All You Have to Do Is Die


Arts & Culture

Graham Crumb, 2011, CC BY-SA 3.0, via Wikimedia Commons.

People were drinking wine out of plastic cups. The chairs were pushed close together. Bags were tucked under feet. I sat on the bookshop stage with two other writers, ready to read our ghost stories. Before we began, the moderator asked, “Do you believe in ghosts?” After a pause, we spoke of doubt. Creepy incidents were related. I found myself saying that perhaps the dead might be watching us.

I’ve never seen a soul move through the air. I am not sure that we are anything more than a skin-bag of electrical impulses. But ghosts are different from the other uncanny citizens. They are only one step away from the known. To become a ghost, you don’t have to be bitten by a vampire or receive a curse or encounter a mad scientist or fall under the spell of a full moon. All you have to do is die.

Still, I imagine the first days of ghosthood would be tricky. There are so many different hauntings, so many ways to do it. In a way, it reminds me of puberty. The unpredictable shifts. Sudden changes in weight and the way people see you. Unexpected blood. Puberty was a process I did not enjoy and, unluckily for me, it was nothing I could google—or more accurately “Ask Jeeves,” the search engine my IT teacher recommended. It was a time when strange men’s penises appeared in my Hotmail account and were not caught by the junk filter. I didn’t trust the internet. And so I found myself flipping to the back of the magazines my classmates’ mothers bought. The paper was always wrinkled from the girls’ hands that had come before. At the back would be a quiz or a decision tree to tell you what sort of person you were or would become. Sometimes there was the freckle of a biro mark, or an initial to mark the previous reader’s path. It was reassuring.

Playing around, I tried to devise one as an introduction to that stage of life yet to come—our ghosthoods.

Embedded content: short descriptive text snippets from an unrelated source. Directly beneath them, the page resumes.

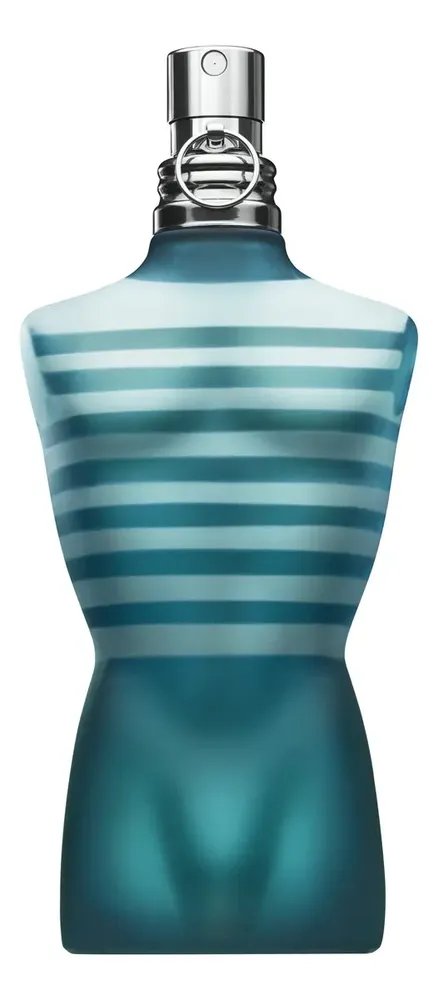 Perfume Jean Paul Gaultier Le Male Eau De Toilette 125 Ml Masculino
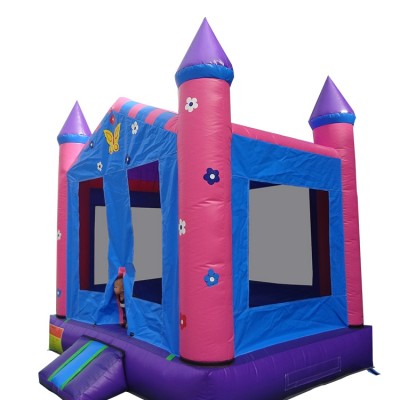 China Supplier Cheap Inflatable Bounce House Used Bouncy Castles for Sale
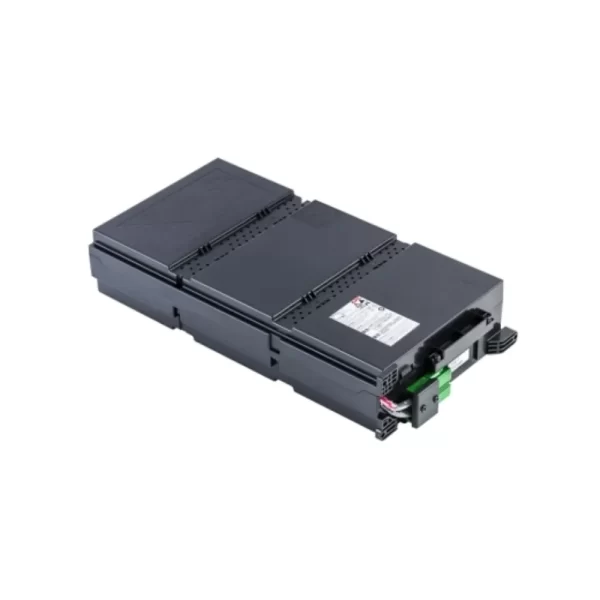 Cartucho de baterías de recambio N° 141 de APC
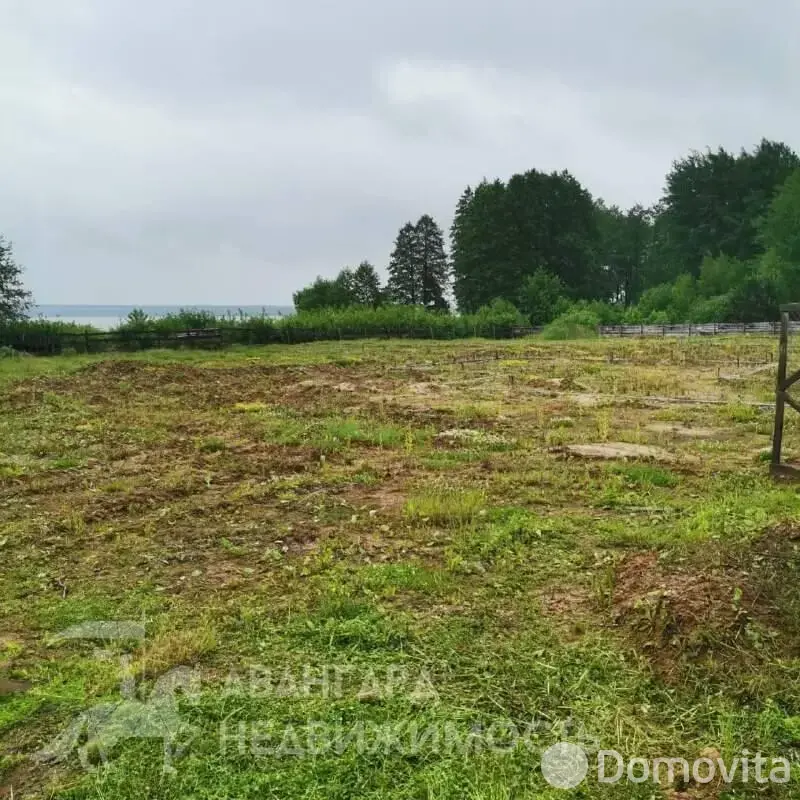 участок, Горани,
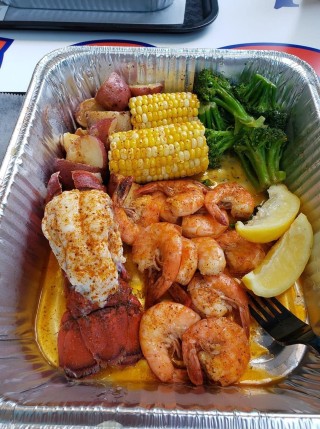 Cuse Catch & Grill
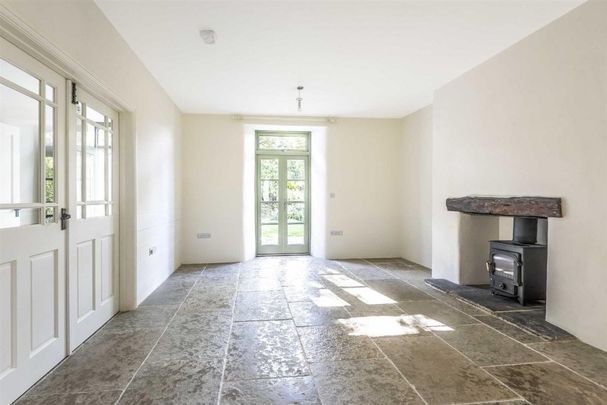 Higher Cotterbury, Blackawton, Totnes - Photo 1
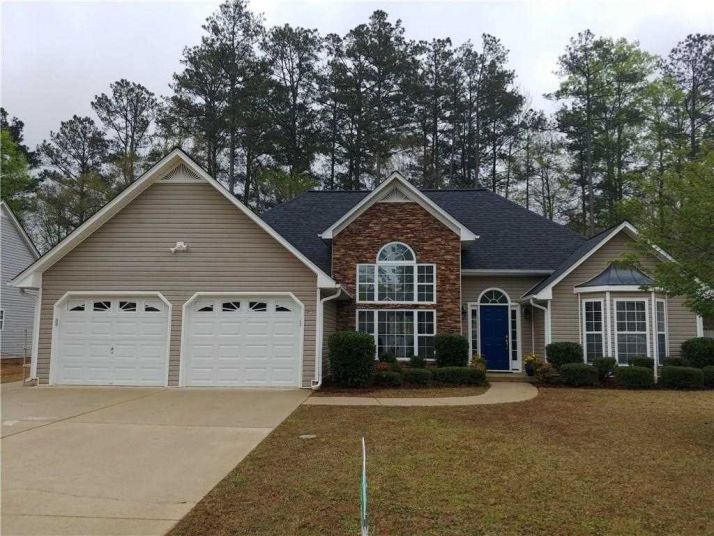 102 Colonial Way, Dallas, GA 30157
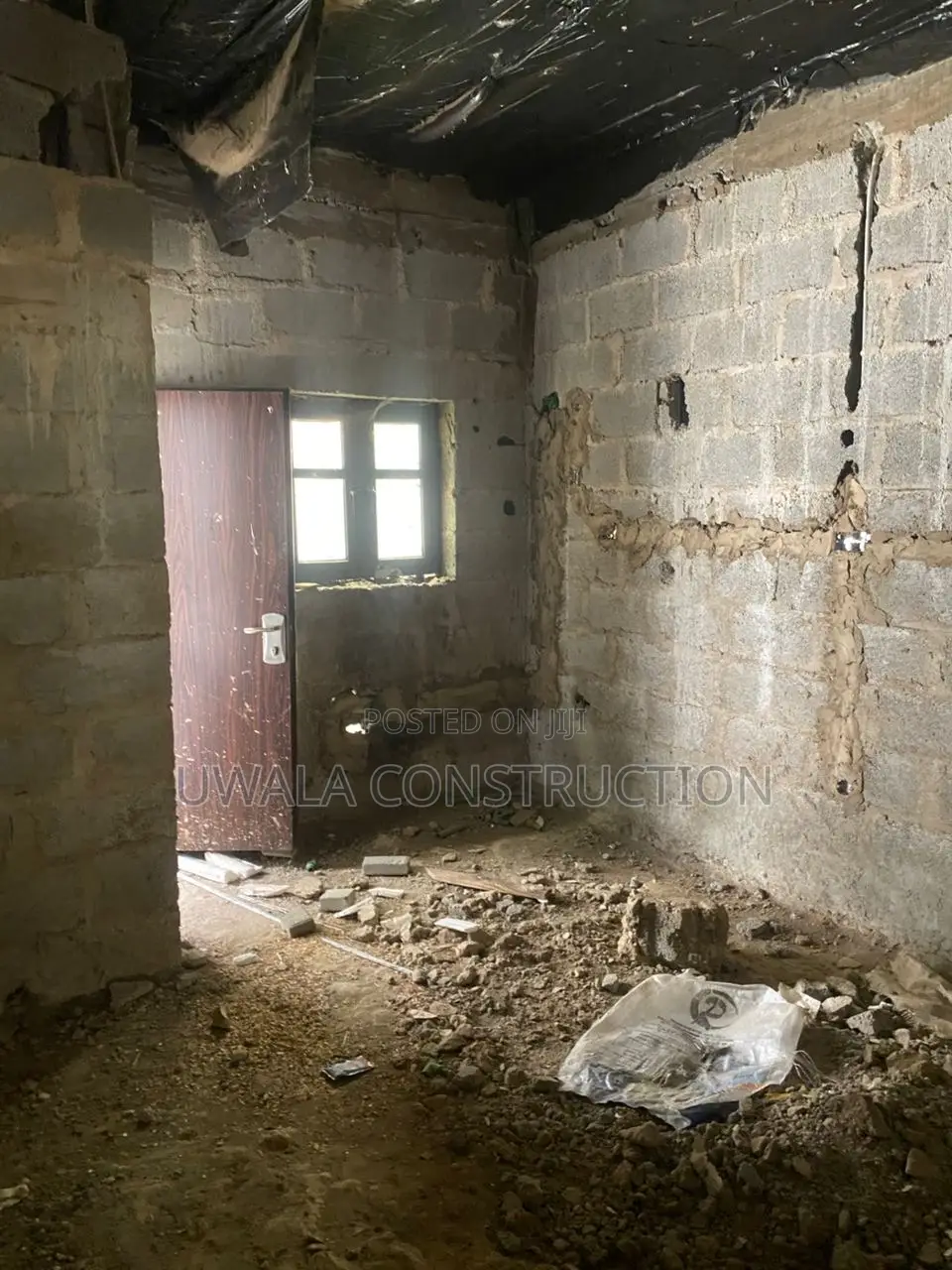 4bdrm Townhouse/Terrace in Gaduwa for sale in Gaduwa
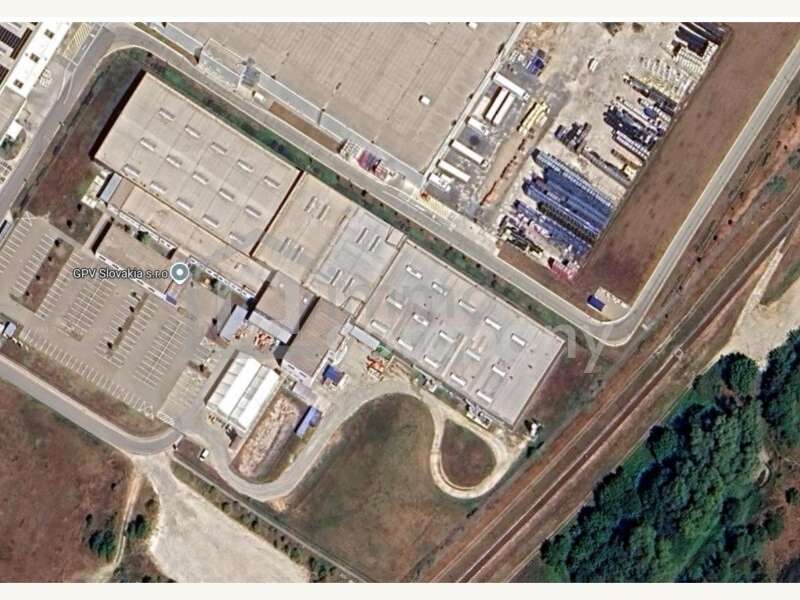 Industriehalle in 92003  - 1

But then I wondered if there was a reason the quiz, though my favorite part, always came at the very back of the magazine. Perhaps first you needed to see the parade of girls with their flattened hair and sparkly eyelids to begin to feel out who you might want to be. Sadly, I have no ectoplasmic photoshoots to present to you. So here is the next best thing—

Seven Big Questions for Your Life After Death

If you can answer all of these, then you’ll have a plan. Or, at least, a ghost story of your own.

1. Where will you haunt?

Castles are the obvious place. But you have to pity a castle ghost these days. It must be difficult to haunt a National Trust property stocked with brochures and push-chairs and a cafeteria where you can get tea and scones and jam in a miniature jar.

Though perhaps such refinement would appeal to you. Queen Mary’s doll’s house stands in Windsor Castle. It boasts gilt chairs, electric lights, a wine cellar, and of course a library. Inside the library are miniature leather-bound books, each with its own miniature story. One of these books is by Vita Sackville-West. Her story narrates the life of that doll’s house’s very own haunting. This smallest of ghosts eats at the miniature table with miniature cutlery and sleeps in every bed of the house. She runs overflowing baths and has a generally fabulous time. And no one understands how this mess is being made.

Maybe your aspirations are more humble. Maybe it is your own bed, your own walls that you wish to haunt. Virginia Woolf has kind ghosts in common with her lover Vita. In “A Haunted House,” Woolf writes of a couple who wander their beloved home to keep it “Safe! Safe! Safe!” They and their house pulse with their ghostly joy. At times, I have looked at my own walls—painted in Dulux white—and wondered about staying here should lightning strike me down. I consider that, eventually, the spider plant would be tossed away, the radiators with their bubbled paint pulled out. Still, there are other options. Lately, I have been writing only ghost stories, and it is usually place that I start with. A hotel, a reliquary box, an Uber. There are so many locations to be dead inside. You could say I am still considering my options.

Maybe you’d rather take up residence in a human body. It has been known to happen. In Japanese Buddhist legend, there is a story of a hunter who was possessed by the spirit of a fox he had killed. That it was a fox is no coincidence. In Japanese folklore, foxes are the tricksters of the spirit kingdom. By beating their tails against the ground, they may create fox fire. They can give out money that turns to leaves in the morning. Or cause rain to fall from a clear sky.

Can you feel what it would be like to sink into another’s bone and blood and limb? Can you feel the way your spirit might have to shift? Or can you imagine a creature you killed coming to rest inside your bones?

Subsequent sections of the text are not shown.